▸ **STORED DATA**:
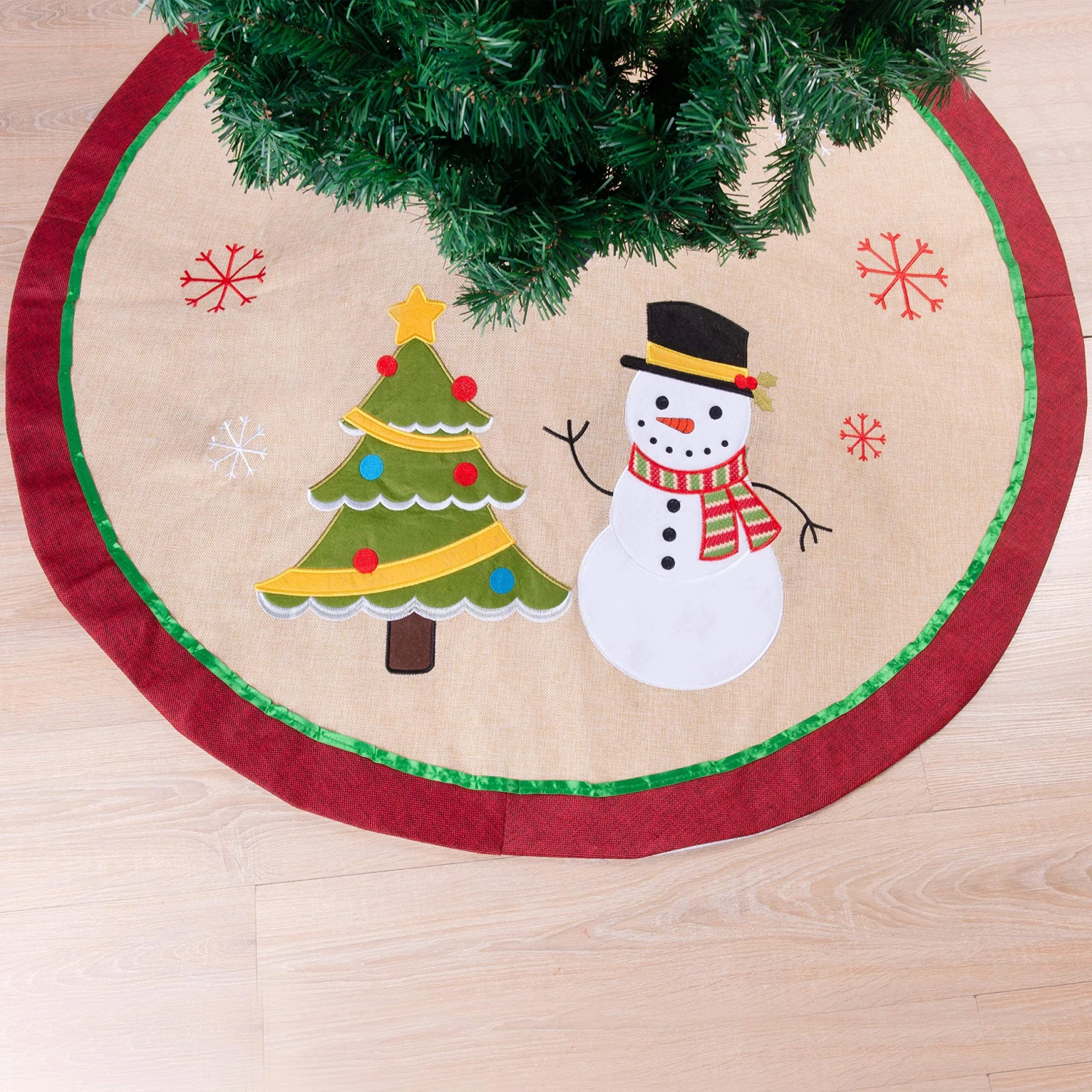 48in Burlap Christmas Tree Skirt (Snowman Tree) - Image 7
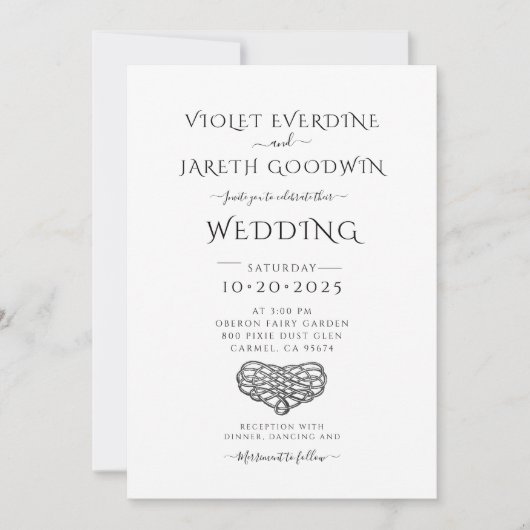 Elegante minimalistische witte bruiloft uitnodigin kaart (Voorkant)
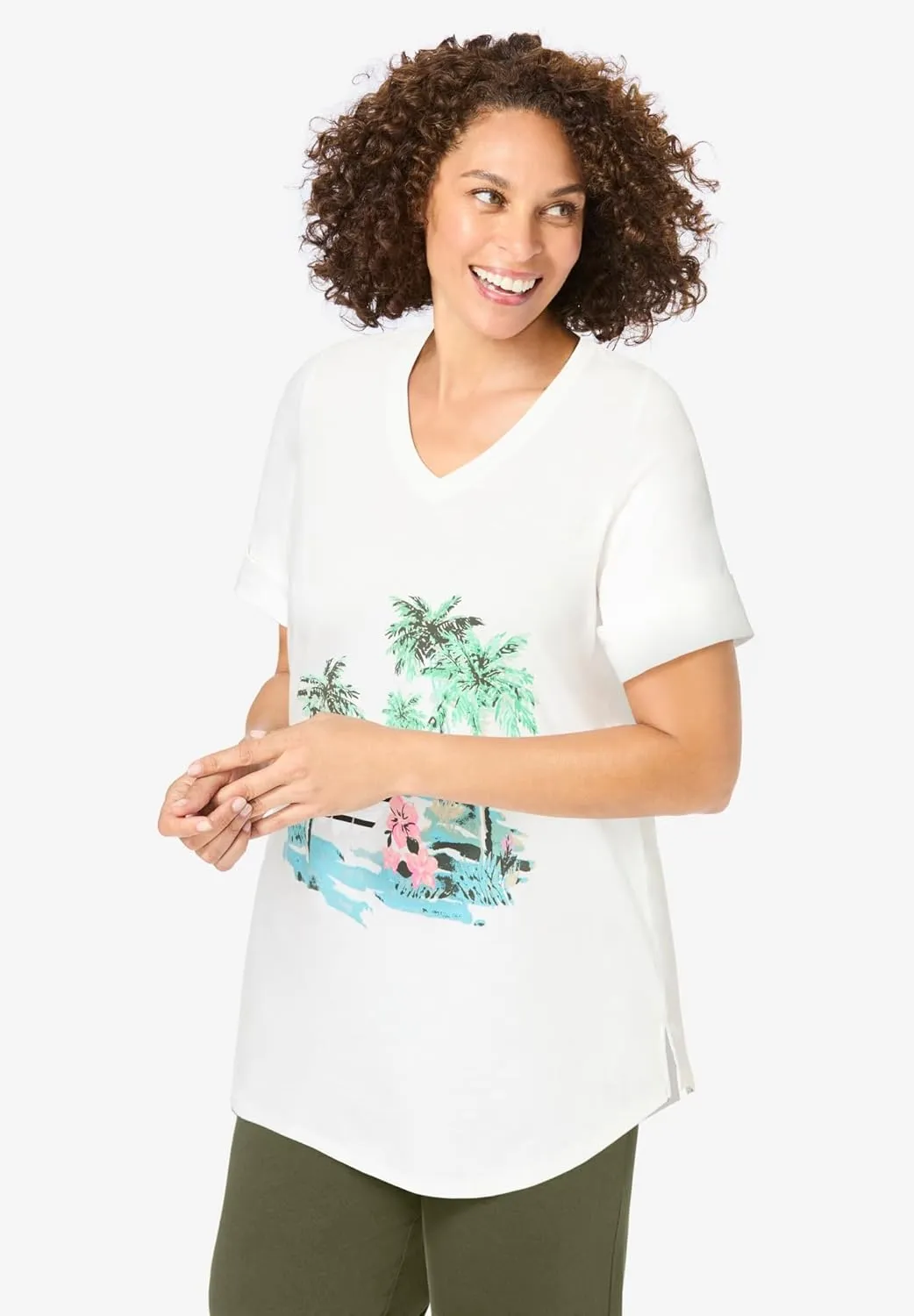 Woman Within Women's Plus Size Two-Piece V-Neck Tunic & Capri Set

▸ **INSTRUCTIONS TO FOLLOW**: All lines of the listing must be given again exactly, excluding the pictures.

▸ **RESPONSE BELOW**:
 48in Burlap Christmas Tree Skirt (Snowman Tree) - Image 7
 Elegante minimalistische witte bruiloft uitnodigin kaart (Voorkant)
 Woman Within Women's Plus Size Two-Piece V-Neck Tunic & Capri Set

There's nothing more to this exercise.